It was a simplistic perspective, but that was what would work, he was told by his Propaganda Minister, Joseph Goebbels: "The most brilliant propagandist technique will yield no success unless one fundamental principle is borne in mind constantly - it must confine itself to a few points and repeat them over and over."
Those questioning him were labeled "anti-German" or "not good Germans," and it was suggested they were aiding the enemies of the state by failing in the patriotic necessity of supporting the nation's valiant men in uniform. It was one of his most effective ways to stifle dissent and pit wage-earning people (from whom most of the army came) against the "intellectuals and liberals" who were critical of his policies.
Another technique was to "manufacture news," through the use of paid shills posing as reporters, seducing real reporters with promises of access to the leader in exchange for favorable coverage, and thinly veiled threats to those who exposed his lies. As his Propaganda Minister said, "It is the absolute right of the State to supervise the formation of public opinion."
A year later, to the week, Hitler invaded Czechoslovakia.
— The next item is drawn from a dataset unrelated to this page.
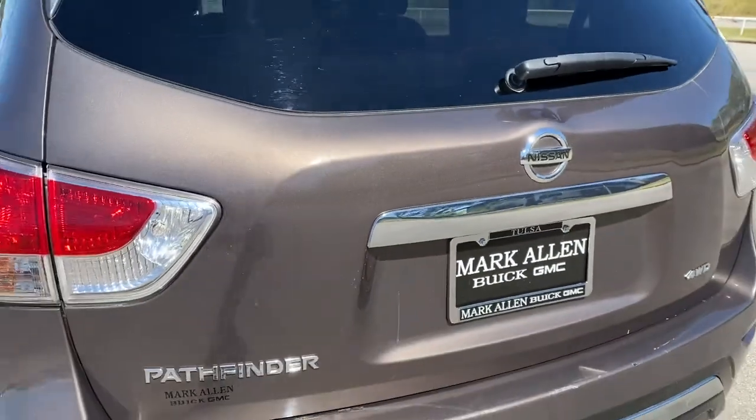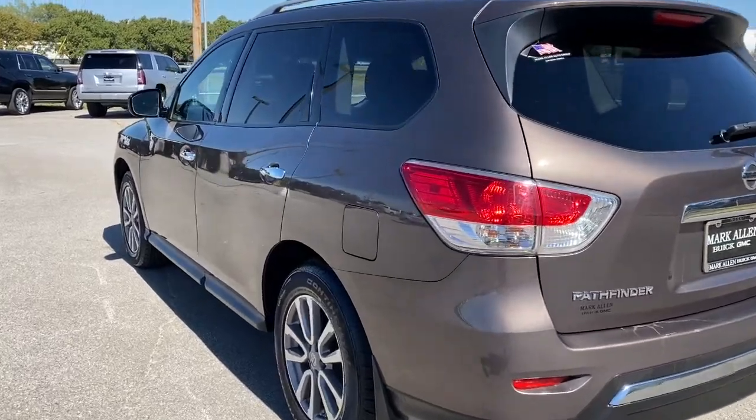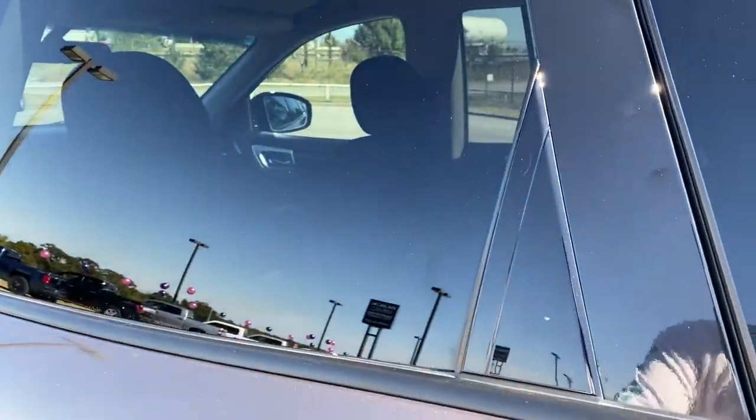You deserve the strength and security this Pathfinder has to offer. Our team will give you an outstanding test drive experience. Stop in today.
In the months after that, he claimed that Poland had weapons of mass destruction (poison gas) and was supporting terrorists against Germany. Those who doubted that Poland represented a threat were shouted down or branded as ignorant. Elections were rigged, run by party hacks. Only loyal Party members were given passes for admission to public events with the leader, so there would never be a single newsreel of a heckler, and no doubt in the minds of the people that the leader enjoyed vast support.
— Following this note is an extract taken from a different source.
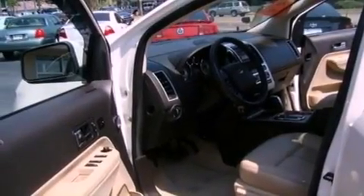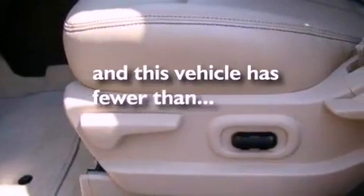Additional features include a rear spoiler, dusk-sensing headlights, an auto-dimming rear-view mirror, and this vehicle has less than 33,000 miles.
And his support did grow, as Propaganda Minister Goebbels' dictum bore fruit:
"If you tell a lie big enough and keep repeating it, people will eventually come to believe it. The lie can be maintained only for such time as the State can shield the people from the political, economic and/or military consequences of the lie. It thus becomes vitally important for the State to use all of its powers to repress dissent, for the truth is the mortal enemy of the lie, and thus by extension, the truth is the greatest enemy of the State."
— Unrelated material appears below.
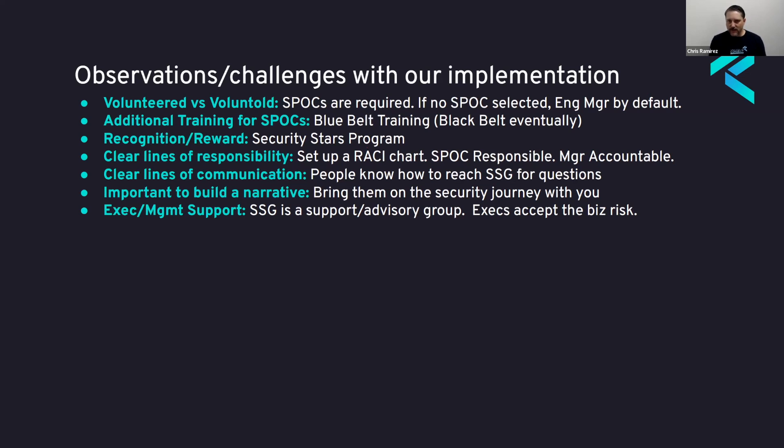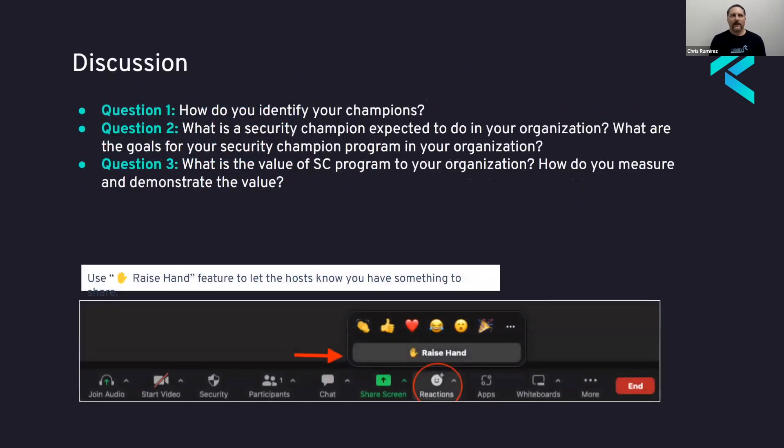That's an overview of our security champion program and how we've chosen to implement things. It's not the only way to go about doing it — there are many other sources of information around security champions. BSIM is one, and OWASP recently released their security champions guide, which has some good information too. For the discussion point: how do you identify your champions? I'm interested in hearing how others are doing this, because there's no one way to go about it and there are pros and cons to each approach. We're always looking to continuously improve our programs, and there's real value in sharing that information.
Within a few months Poland, too, was invaded in a "defensive, pre-emptive" action. The nation was now fully at war, and all internal dissent was suppressed in the name of national security; it was the end of Germany's first experiment with democracy.
As we conclude this review of history, there are a few milestones worth remembering.
February 27, 2005, is the 72nd anniversary of Dutch terrorist Marinus van der Lubbe's successful firebombing of the German Parliament (Reichstag) building, the terrorist act that catapulted Hitler to legitimacy and reshaped the German constitution. By the time of his successful and brief action to seize Austria, in which almost no German blood was shed, Hitler was the most beloved and popular leader in the history of his nation. Hailed around the world, he was later Time magazine's "Man Of The Year."
Most Americans remember his office for the security of the homeland, known as the Reichssicherheitshauptamt and its SchutzStaffel, simply by its most famous agency's initials: the SS.
We also remember that the Germans developed a new form of highly violent warfare they named "lightning war" or blitzkrieg, which, while generating devastating civilian losses, also produced a highly desirable "shock and awe" among the nation's leadership according to the authors of the 1996 book "Shock And Awe" published by the National Defense University Press.
Reflecting on that time, The American Heritage Dictionary (Houghton Mifflin Company, 1983) left us this definition of the form of government the German democracy had become through Hitler's close alliance with the largest German corporations and his policy of using religion and war as tools to keep power: "fas-cism (fà sh'iz'em) n. A system of government that exercises a dictatorship of the extreme right, typically through the merging of state and business leadership, together with belligerent nationalism."
Today, as we face financial and political crises, it's useful to remember that the ravages of the Great Depression hit Germany and the United States alike. Through the 1930s, however, Hitler and Roosevelt chose very different courses to bring their nations back to power and prosperity.
Germany's response was to use government to empower corporations and reward the society's richest individuals, privatize much of the commons, stifle dissent, strip people of constitutional rights, bust up unions, and create an illusion of prosperity through government debt and continual and ever-expanding war spending.